LA CASA DE LA GUITARRA

Durante mi niñez y buena parte de mi juventud viví cerca de una colonia muy antigua de la ciudad que todavía tiene casas grandes de adobe. De esas que todavía tienen su jueves de mercado con un poco de todo: desde frutas y verduras hasta cachivaches de segunda mano. Si una semana normal el ambiente era alegre y animado, para la feria el alboroto se multiplicaba. 

En plena feria, en la confusión de elotes locos, gritos, garnachas, luces, algodón de azúcar, música a volumen indecente y otras cosas; la vi por primera vez. Su pelo negro, liso y planchado brillaba al compás de las luces. Tenía algo de felino en su mirada. Tal vez era el maquillaje, le concedo eso. Pero juraría que al ver su sonrisa se calló el griterío, escuché repicar las campanas de la iglesia y me emborrachó un aroma de manzana acaramelada. Me acerqué balbuceante a saludar sin saber siquiera qué vendía. Me quedé allí parado como idiota. “Pase adelante, ¿qué va a llevar?” Solo entonces me di cuenta que estorbaba a los visitantes que se amontonaban en los estrechos callejones. Vendía cosméticos y accesorios varios para dama. Le mentí diciendo que buscaba un par de aretes para mi sobrina.

Se llamaba Marisa y vivía cerca del parque donde se celebraba la feria. Desde entonces fui todos los días con cualquier pretexto y a las dos semanas ya éramos novios.

La primera vez que entré a su casa noté el frío y la humedad típicos de la construcción de adobe. Era fresca, de paredes altas. El techo era de lámina soportada por gruesas vigas de madera y un cielo falso que hacía poco por amortiguar el frío y el ruido exterior, especialmente la lluvia era tan ensordecedora que impedía cualquier conversación o escuchar la radio o la televisión. Aún así, yo la encontraba encantadora. El aroma de la madera, el cáñamo de la hamaca, el adobe y el cigarrillo me traían la nostalgia de la casa donde crecí en el oriente del país

Se la presenté a mis viejos y de inmediato noté que no estaban impresionados. Pensé que habían sido intimidados con su espíritu libre, independiente y aventurero. Marisa vivía sola, al morir sus padres las tres hermanas dividieron la casa: medio lote para dos hermanas y el segundo nivel para la tercera. Cada una tenía suficiente espacio para vivir tranquila. Me obsesioné con ella, empecé a escabullirme cada vez más seguido para dormir juntos. Eran noches apasionadas, intensas. En la madrugada salía a mi trabajo desvelado y exprimido.

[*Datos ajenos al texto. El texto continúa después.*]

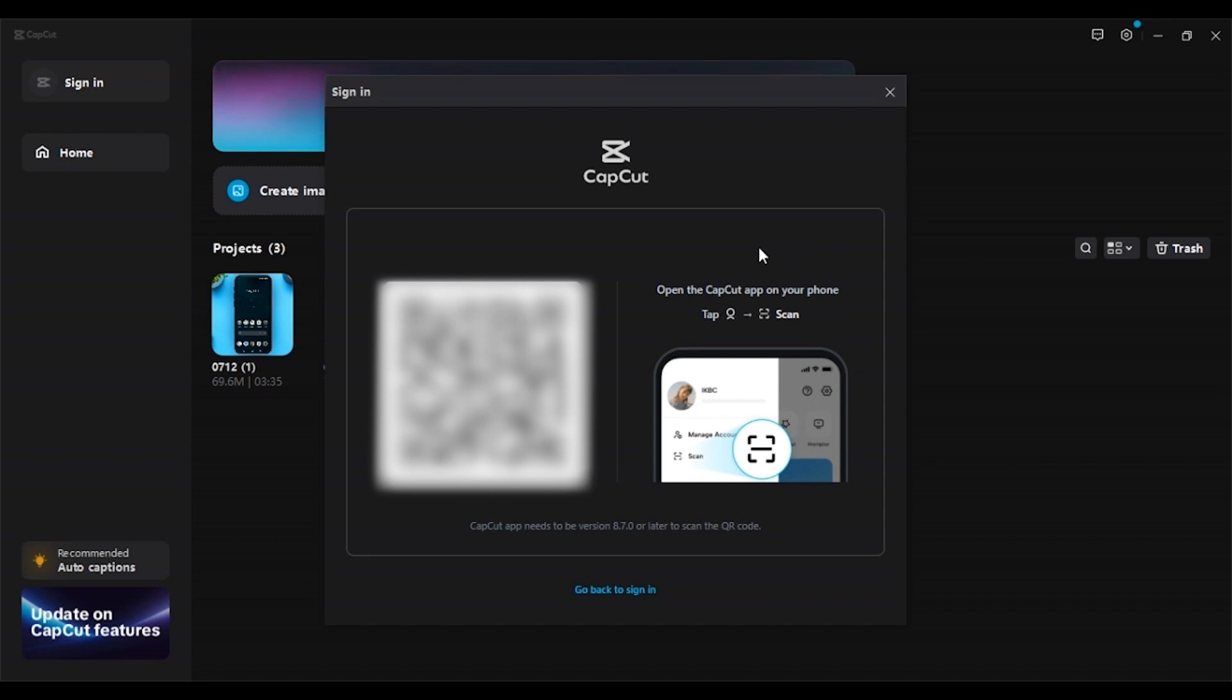All you have to do is open the CapCut app on your phone. Then tap on the profile icon that you can see at the bottom right corner. After opening the profile, you'll have to tap on the three lines that you'll see at the top right corner. Then you can see the scan option. All you have to do is tap on it.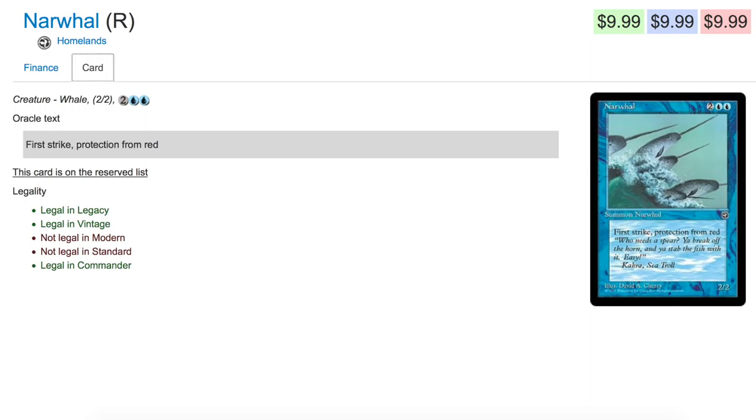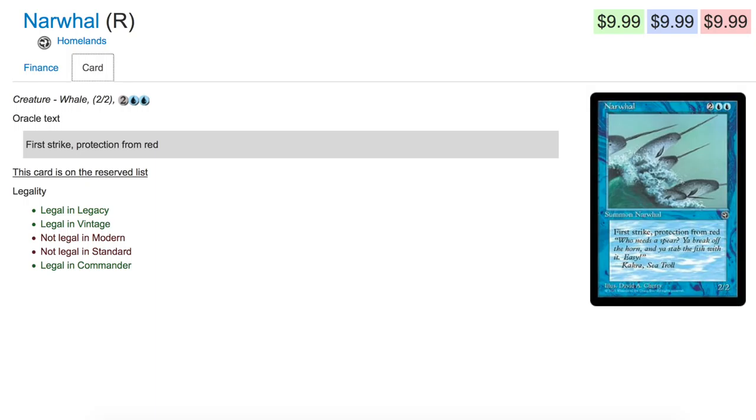It went up from 40 cents—that was like what, 5,000% in a day. Yes, it's on the Reserve List, but not everything on the Reserve List is a Lion's Eye Diamond. So if you have these in your box, maybe you can hope that you put them in the binders and then someone values it at $10.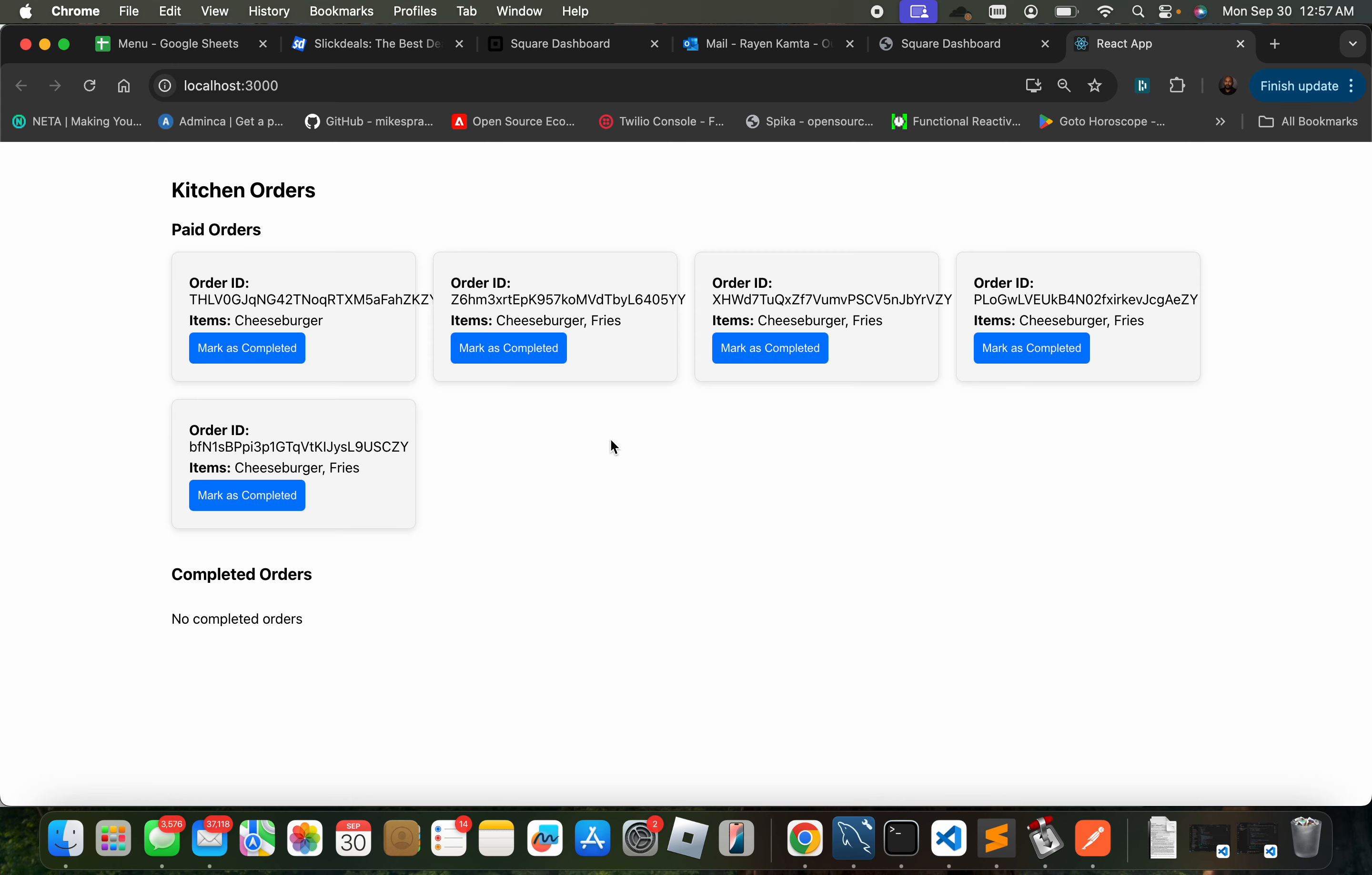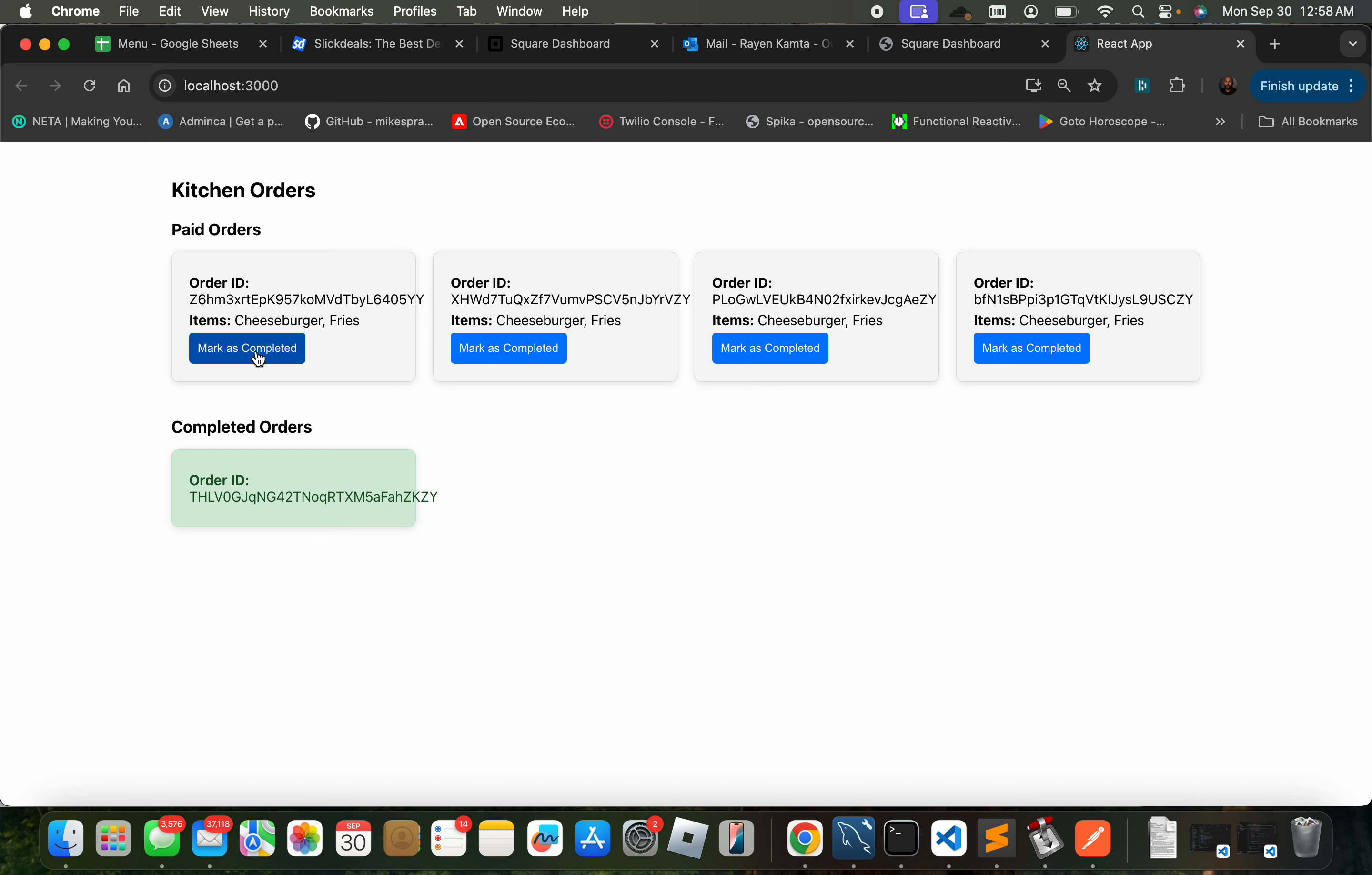This order here just says cheeseburger, so the person in the kitchen sees cheeseburger come in. Then they're like okay, cheeseburger is done. They hit the tablet, mark it as completed, and then they work on the other orders.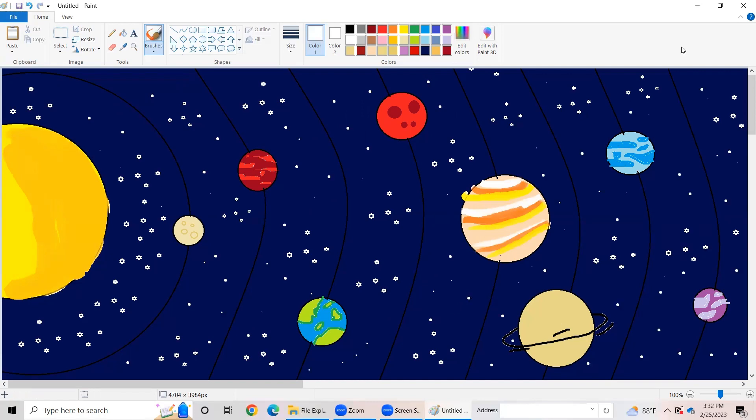Okay my friends, we have finished drawing our beautiful solar system. Hope you enjoyed and learned something new from my video. Bye my friends, don't forget to subscribe and hit that bell button so you can see more videos that are coming soon. Bye my friends, bye!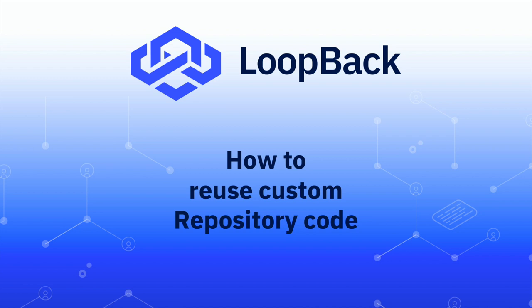Hi, this is Miroslav Bajtos from the LoopBack Core team. Today I'd like to talk about reusing custom repository code in your LoopBack projects.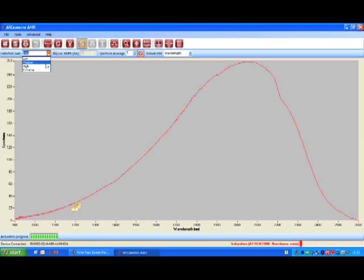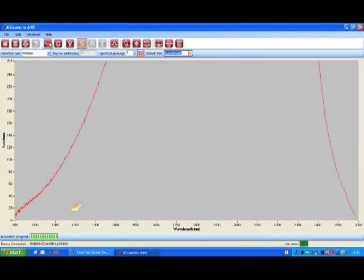Set the detection gain to medium and take another measurement. Press the auto-scale button.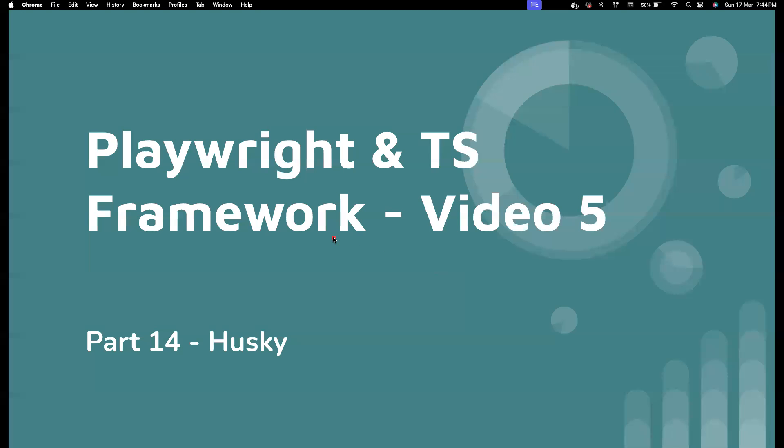Hi everyone, welcome back to my channel Testing Minibytes. I am your friend and this is Part 5 of the framework development videos and Part 14 of the entire video series. So in the last two videos we have set up ESLint and Prettier, and in this video we're going to set up Husky.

Una de esas noches, todavía ebrio de su dulce aroma, Marisa me preguntó: "¿No has notado algo curioso en la fachada de la casa?" La verdad es que no le había puesto mucha atención. "¿Ya viste la figura tallada en la parte alta?"

Entonces recordé que desde antes de conocerla había visto esa guitarra, se erguía con el mástil hacia arriba, las cuerdas se notaban a la perfección. Supongo que a todos los que vivíamos cerca nos pasaba como con las vallas publicitarias que al principio son novedosas y originales, y después de tres meses ya se vuelven parte del paisaje y pasamos frente a ellas sin siquiera darnos cuenta.  Marisa me hizo una confesión: "Es la guitarra del sombrerón. Mis abuelos eran brujos, con el dinero que ganaron de sus trabajos construyeron esta casa y a él se la dedicaron, la guitarra es una muestra de agradecimiento".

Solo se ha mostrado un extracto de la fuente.